Saved data entries
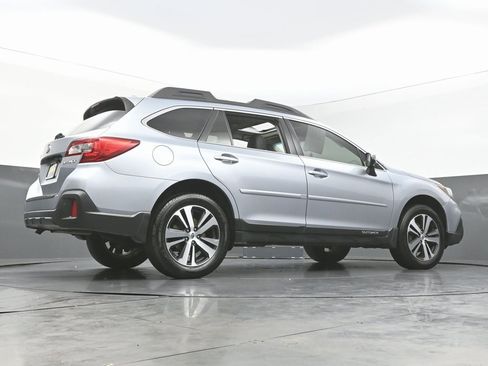 Used 2018 Subaru Outback 2.5i Limited image 49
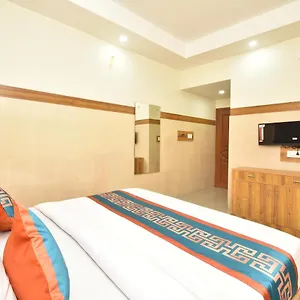 *** Hotel Capital Caltex India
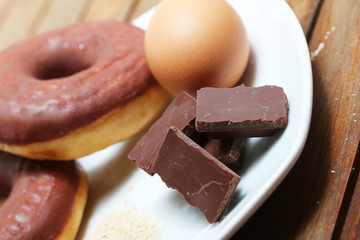 making donuts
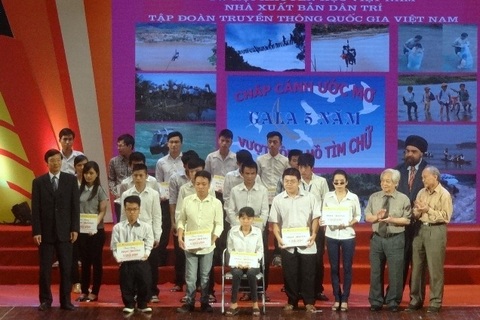 Gala 5 năm chương trình nghệ thuật “Chắp cánh ước mơ, vượt sông hồ tìm chữ”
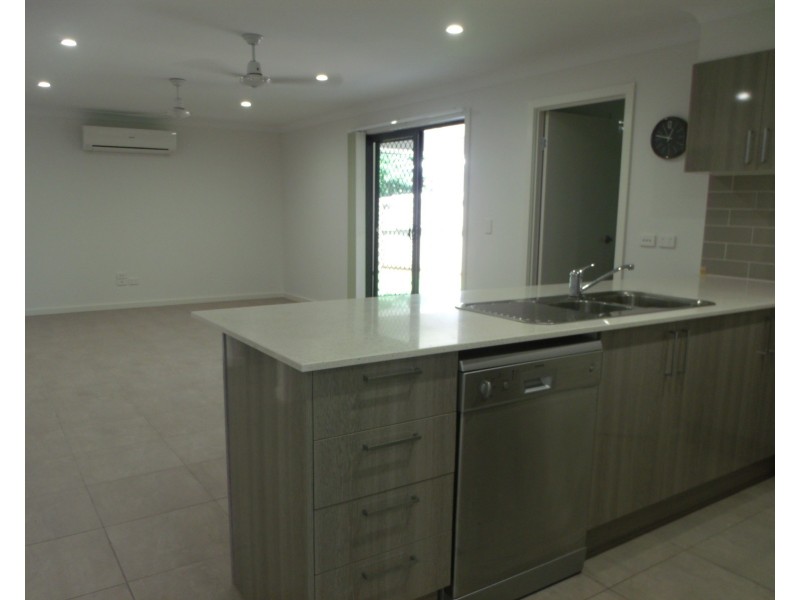 15 Shelly Court, Mission Beach QLD 4852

TASK TO COMPLETE>
Faithful copy, images left out: write out every line of data.

SOLUTION TO THE PROBLEM>
 Used 2018 Subaru Outback 2.5i Limited image 49
 *** Hotel Capital Caltex India
 making donuts
 Gala 5 năm chương trình nghệ thuật “Chắp cánh ước mơ, vượt sông hồ tìm chữ”
 15 Shelly Court, Mission Beach QLD 4852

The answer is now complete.